Le magistrat compétent pour statuer sur les requêtes des personnes en détention provisoire sera le juge des libertés et de la détention. Pour les condamnés en exécution de peine, c’est au juge de l’application des peines qu’il reviendra de prendre une décision.

Après avoir statué sur la recevabilité de la requête, le magistrat saisi pourra faire vérifier les allégations circonstanciées du détenu et, s’il estime la demande justifiée, il fixera le délai dans lequel l’administration pénitentiaire pourra mettre fin aux conditions indignes de détention, le cas échéant en transférant la personne dans un autre établissement pénitentiaire. Si les conditions indignes perdurent au-delà de ce délai, le juge pourra ordonner lui-même un transfèrement ou, pour les prévenus, la libération de la personne, le cas échéant sous contrôle judiciaire ou surveillance électronique. Pour les condamnés, il pourra prononcer une libération sous aménagement de peine si la personne est éligible à une telle mesure.

Les travaux menés en coconstruction par les deux assemblées ont permis de rendre le texte initial plus lisible et notamment de préciser les délais de recours dont bénéficie la personne écrouée. Ce dispositif répond donc aux exigences conventionnelles et constitutionnelles. Il est à la fois clair, précis, efficace.

Je suis parfaitement conscient qu’il ne peut être la seule réponse à l’amélioration des conditions de détention, objet de toute mon action depuis ma nomination à la tête du ministère de la justice. Il nous faut d’abord mener une politique plus volontariste de régulation carcérale, en poursuivant activement, en lien avec les chefs de cour et de juridiction et les services pénitentiaires, l’accompagnement de l’application des dispositions de la loi de programmation 2018-2022 et de réforme pour la justice.

Par ailleurs, en poursuivant la construction du programme immobilier pénitentiaire, dont j’annoncerai les derniers sites d’implantation dans quelques semaines, mon objectif est non pas d’incarcérer plus, mais de permettre des conditions de détention plus dignes. Pour cela, il nous faut renouveler le parc vieillissant et parfois vétuste et créer de nouvelles places de prison.

Enfin, la dignité passe évidemment par le fait de donner aux personnes incarcérées la possibilité de se réinsérer, notamment par le travail.
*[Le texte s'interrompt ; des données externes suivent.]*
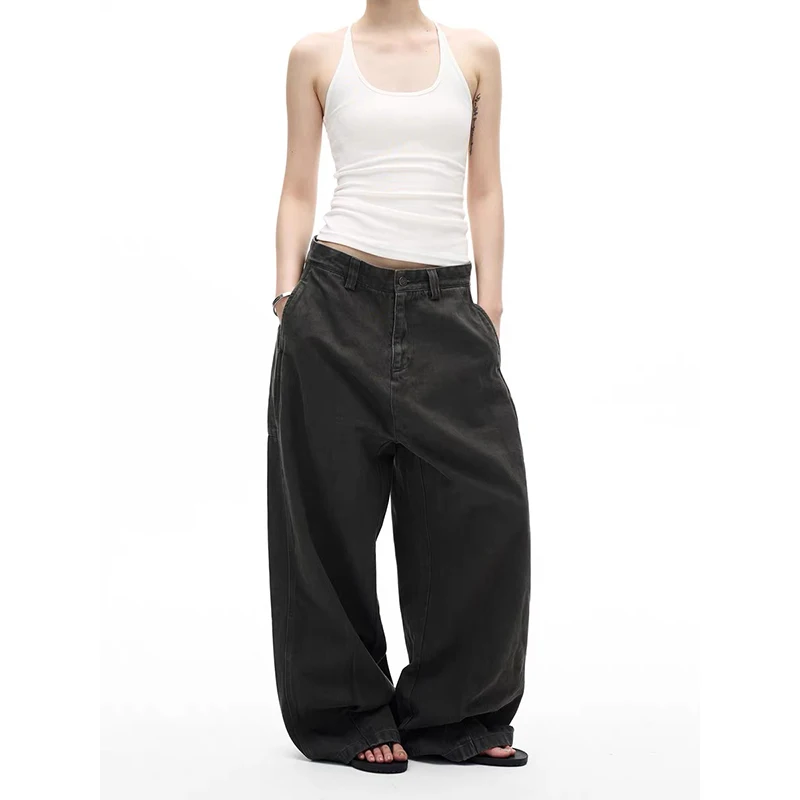 

ZHIZOU Женские серые джинсы Широкие джинсовые брюки Goblin Core American Retro 2000s Abi Y2K Harajuku Ковбойские джинсовые брюки High Street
Je souhaite ainsi faire venir davantage d’entreprises en prison, et il m’est apparu essentiel d’instituer un véritable contrat de travail et des droits sociaux au bénéfice des détenus. Je reviendrai sous peu vous présenter ces nouvelles dispositions.

La France ne doit plus être condamnée pour l’indignité de ses prisons. Cette proposition de loi ajoute un dispositif efficace dans l’amélioration des conditions de détention, dont nous pouvons collectivement nous féliciter.